# Required action:
Please set down only the lines running from the one with "2021 Harley Softail" through the last line of the entries, exactly as written and without any pictures.

# Information:
※

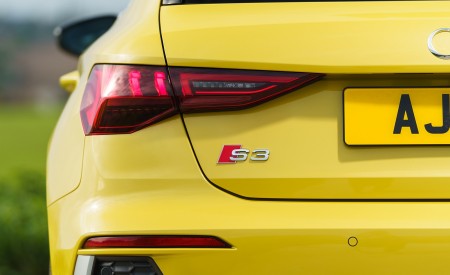 2021 Audi S3 Sportback (UK-Spec) Tail Light Wallpapers 450x275 (80)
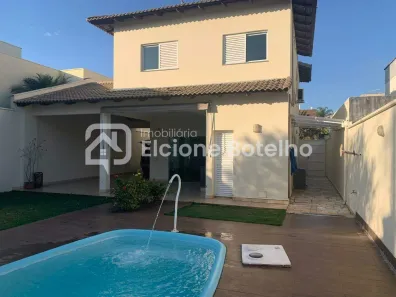 Casa de Condomínio com 3 Quartos para alugar, 200m² no Lagoinha, Uberlândia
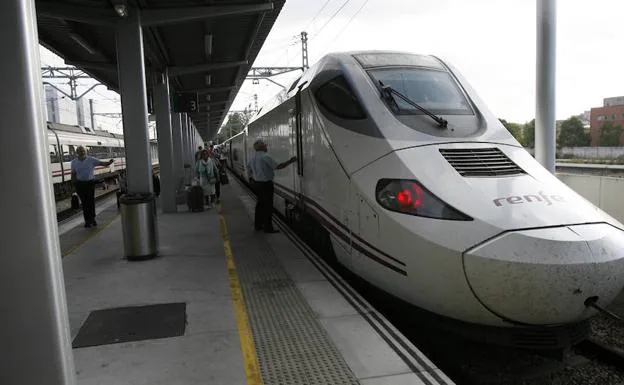 Un maquinista del Alvia, obligado a dejar el tren a mitad de viaje por seguridad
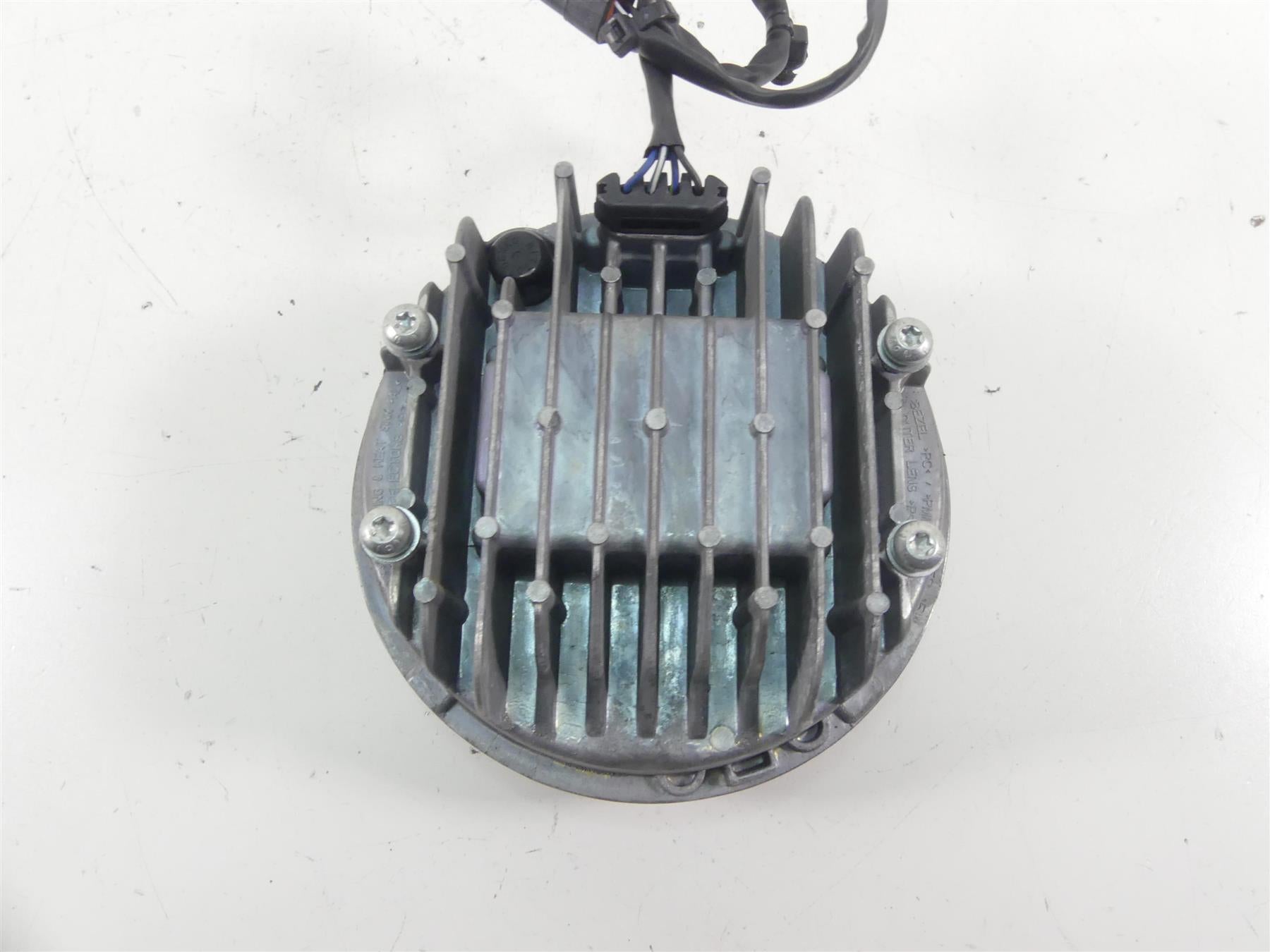 2021 Harley Softail FLSB Sport Glide 7" Daymaker Head Light Headlight 67700339A {{ shop.shopifyCountryName }} - Mototech271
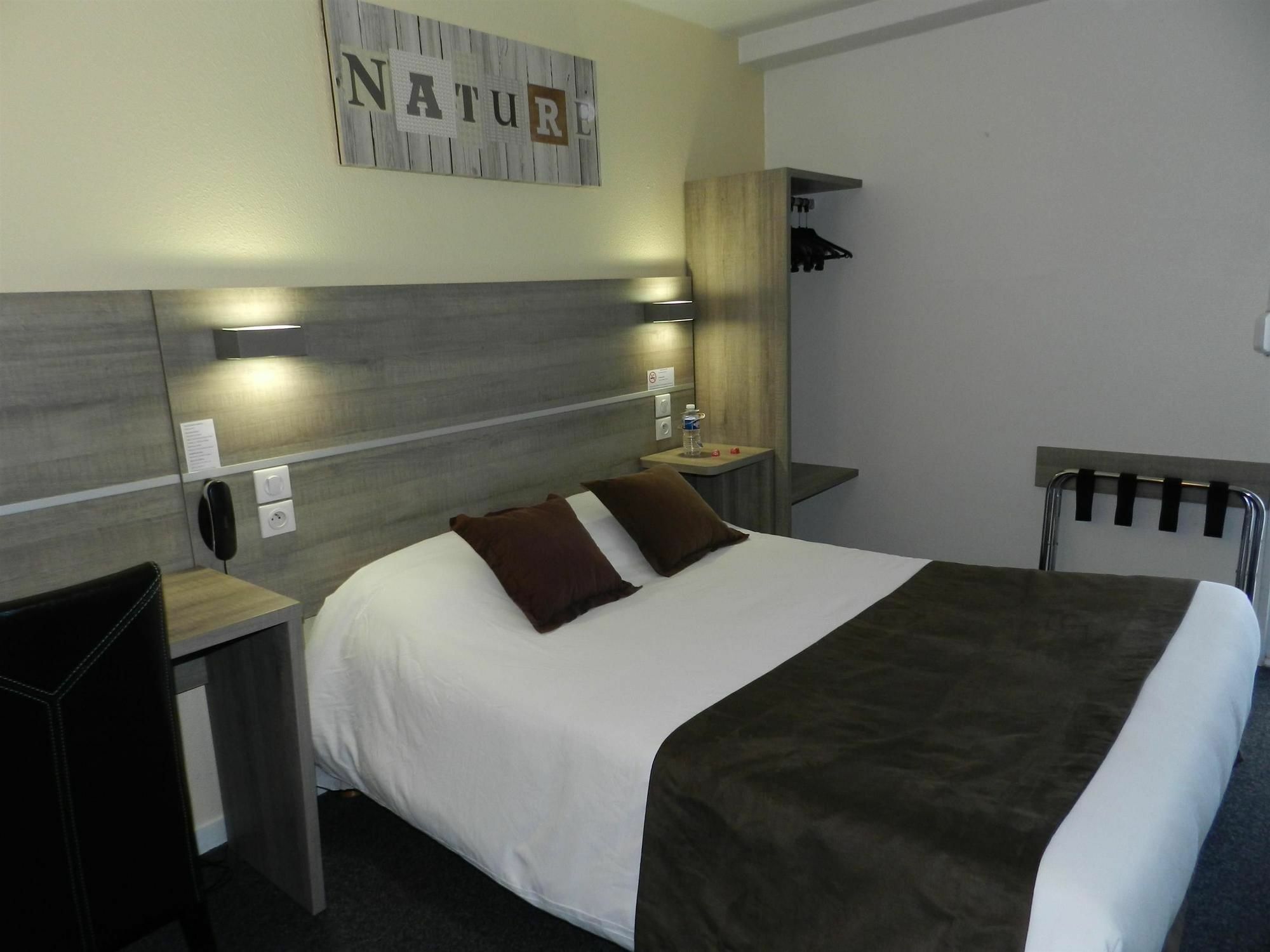 Hotel Kyriad Montauban Phòng bức ảnh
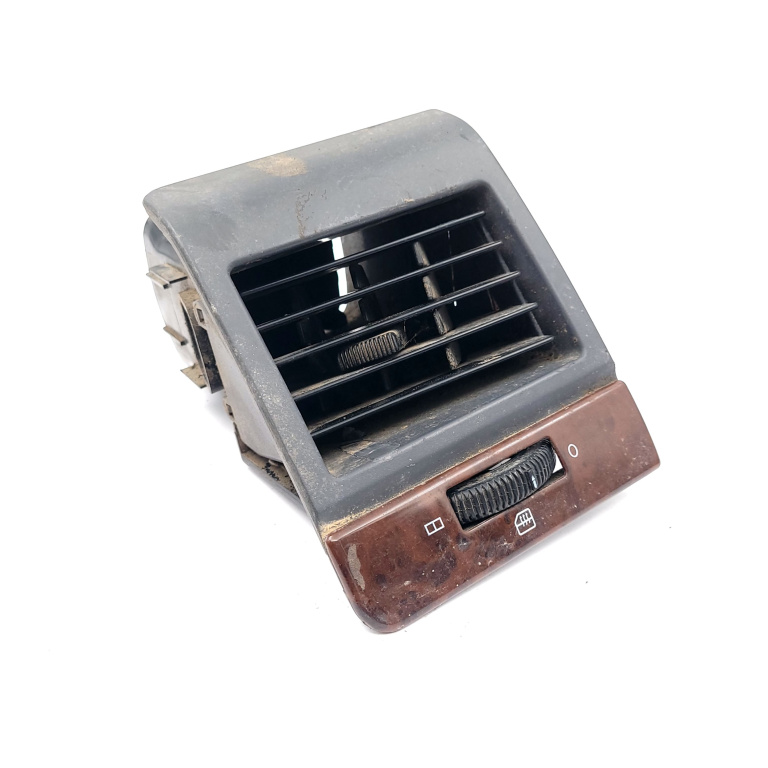 Grila Ventilatie Aer Din Bord Stanga Mercedes-Benz VITO / V-CLASS (W638) 1996 - 2003 Motorina 6388310660, 638 831 06 60, 6388310960, 638 831 09 60, 6388311160, 638 831 11 60, 6388311360, 638 831 13 60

※

# Output for this task:
 2021 Harley Softail FLSB Sport Glide 7" Daymaker Head Light Headlight 67700339A {{ shop.shopifyCountryName }} - Mototech271
 Hotel Kyriad Montauban Phòng bức ảnh
 Grila Ventilatie Aer Din Bord Stanga Mercedes-Benz VITO / V-CLASS (W638) 1996 - 2003 Motorina 6388310660, 638 831 06 60, 6388310960, 638 831 09 60, 6388311160, 638 831 11 60, 6388311360, 638 831 13 60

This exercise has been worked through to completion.